The FDA's 503A enforcement cutoff for compounded semaglutide hits Tuesday — if you are on a compounded GLP-1, you have four days to decide what replaces it.
AP and STAT framed the cutoff as a regulatory milestone; the Wall Street Journal covered it as a Hims earnings risk. The patient-facing clock was mostly absent.
X is mapping which clinics stop refills Monday and which switch patients to Novo's new daily tablet, with GLP-1 influencers and clinicians posting transition scripts in real time.
The compounded semaglutide window closes at 11:59 p.m. on Tuesday, April 22. [1] After that, state-licensed 503A pharmacies — the bulk of the compounding ecosystem — lose the enforcement discretion that has kept Ozempic's active ingredient flowing at a fraction of Novo Nordisk's list price since the drug first landed on the FDA shortage list in 2022.
The FDA removed semaglutide from the shortage list earlier this year, which is the legal event that triggers Tuesday's cutoff. [2] Novo launched its once-daily oral Wegovy tablet in January, which the agency treated as sufficient evidence that access was no longer constrained. [3] The companies that had built whole clinical workflows around $150-a-month compounded pens — Hims & Hers, Ro, Henry Meds, Weight Watchers' telehealth arm, hundreds of medical spas — have been warning patients since February. Most patients have not yet chosen a replacement.
The service-journalism answer is narrow: if you are on compounded semaglutide and you have not already had the conversation, have it Monday. Three paths are open. Brand-name Ozempic or Wegovy at list price or through a payer's weight-loss benefit if one exists. The daily oral Wegovy tablet, which requires 30-minute pre-dose fasting and costs roughly what compounded injectable cost on the cash market. [4] Or tirzepatide, Eli Lilly's dual-agonist, which remains compoundable in some jurisdictions under separate FDA enforcement posture and which many patients tolerate as well or better.

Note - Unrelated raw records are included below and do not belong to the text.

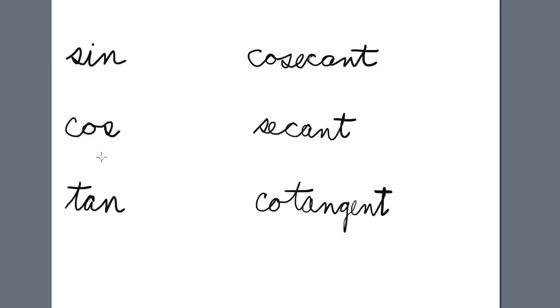If you need help remembering the order of the basic trig functions, look at your calculator and you'll see sine, cosine, and tangent in that order.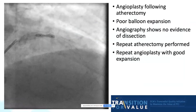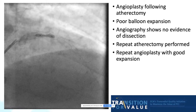Back to our patient. Angioplasty was performed following atherectomy; however, it showed poor balloon expansion. An angiogram was performed and showed no evidence of dissection, and thus repeat atherectomy was performed. Subsequently, the patient had repeat angioplasty with more optimal expansion.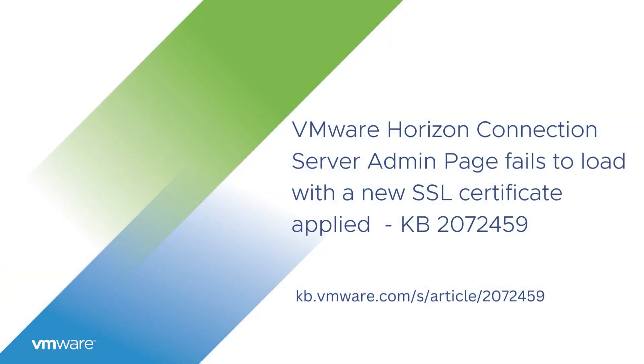VMware Horizon Connection Server admin page fails to load with a new SSL certificate applied.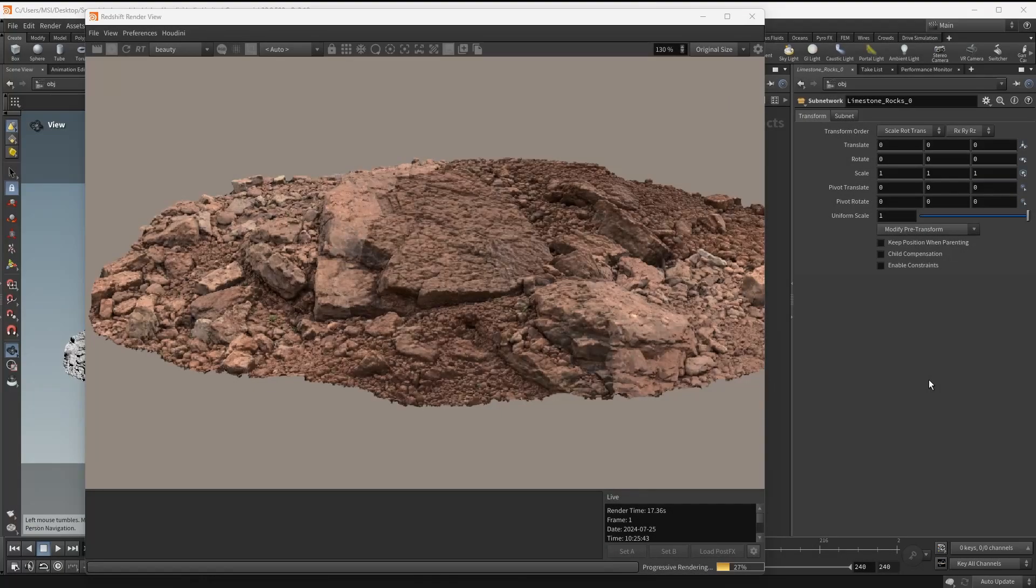Hello and welcome, in this video I'm gonna show you how to create snow in Houdini using Redshift. As a starting point I need something to scatter snow onto, in this case I have some Megascans rocks.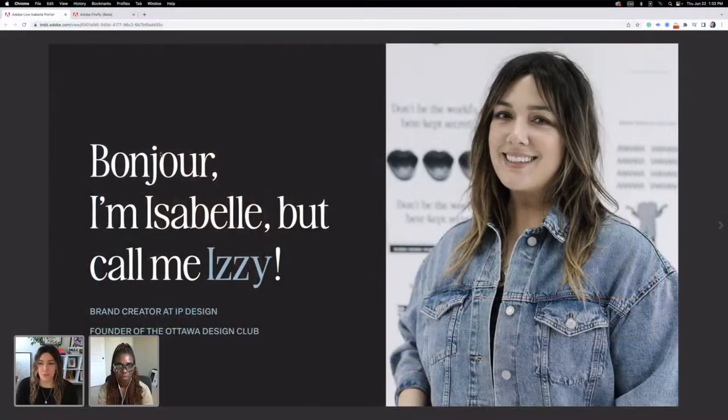Let's get started. I'm going to turn it over to Izzy to give a little introduction of who she is and what we'll be covering today. I'm a host here, I do some streaming, and during the day I have my own business called IP Design where we do brand strategy and branding identity. At night I run a community called the Ottawa Design Club where we host speaker events and create multi-sensorial zines.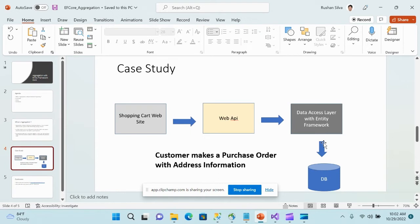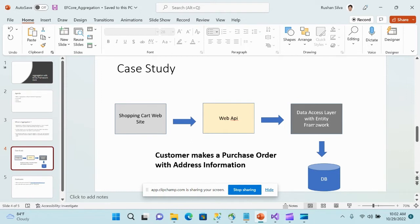Taking the same shopping cart example in a web application scenario: you have a shopping cart website implemented in any front-end technology, then a Web API handles the back-end requests, and finally the Web API transforms the request into the data access layer, which we are going to implement with Entity Framework.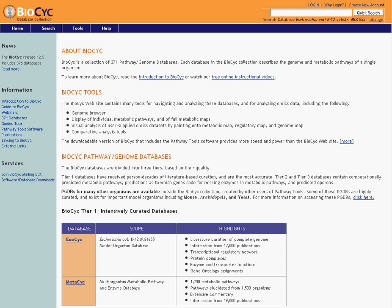Hello, and welcome to the new and improved BioCyc website. My name is Alexander Shearer from SRI's Bioinformatics Research Group. And in this webinar series, we'll be introducing you to our updated, easier to use, more powerful version of the BioCyc website.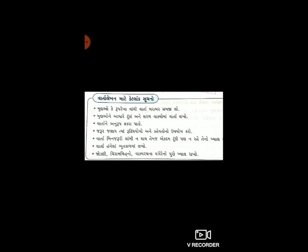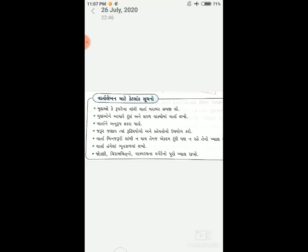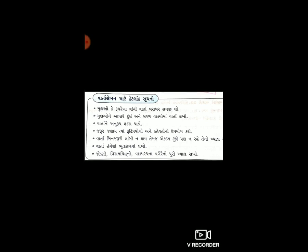વારતા લેખણ ભૂતકાળના ક્રિયારૂપમાં લખવાનું છે. ચોક્કસ વ્યાકરણ, વિરામ, વાક્યરચના વગેરેનો પૂરો ખ્યાલ રાખો. પાત્રોના બોલેલા શબ્દો માટે અવતરણ ચિહ્નનો ઉપયોગ કરવાનો છે. આ બધી બાબતો ધ્યાનમાં રાખી અને આજે આપણે વારતા લેખણ લખીશું.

The clinical consideration that matters most on Monday is the dose cliff. Compounded semaglutide is typically titrated in 0.25-mg weekly increments; brand-name comes in fixed-dose pens (0.25, 0.5, 1.0, 1.7, 2.4 mg). A patient mid-titration on 0.6 mg of compounded product has to decide whether to round down to 0.5 or up to 1.0 — and the answer depends on GI tolerance, not arithmetic. A prescriber consultation before the last refill is the only way to avoid either a two-week gap or a nausea setback.
Insurance is the second cliff. Commercial plans that excluded weight-loss indications in 2024 have begun adding coverage for obesity under CMS pressure, but coverage is not uniform, and prior authorizations routinely take 10 to 14 days. [5] A patient who calls the payer Monday morning and starts the PA Monday afternoon will likely be out of product for one or two doses. Patients on Medicaid or Medicare should ask specifically about cardiovascular or diabetes indications, which have broader coverage than obesity alone.
The third question is whether to switch molecule. Tirzepatide (Mounjaro, Zepbound) has shown greater weight loss in head-to-head trials and remains available compounded in several states, though the FDA has signaled that its separate compounding framework is also under review. [6] Patients who have tolerated semaglutide well may prefer to stay on brand; those who have plateaued may use Tuesday's forcing function to switch.
What will not work is waiting. The Lilly v. Empower Pharmacy ruling in February narrowed the compounded-GLP-1 defense; state boards have begun issuing cease-and-desist letters to 503A operations that have publicly committed to continuing semaglutide compounding past Tuesday. [7] The drug will be available. The $150 version, from a compounding pharmacy shipped to a home address with minimal clinician oversight, largely will not be.
Four days is enough to book a telehealth appointment, start a prior authorization, and pick up a branded pen on Tuesday night. It is not enough to do any of those things sequentially. Do them in parallel. The hundreds of thousands of Americans who have lost 15 or 20 or 40 pounds on compounded semaglutide should not have to relearn that weight loss next month.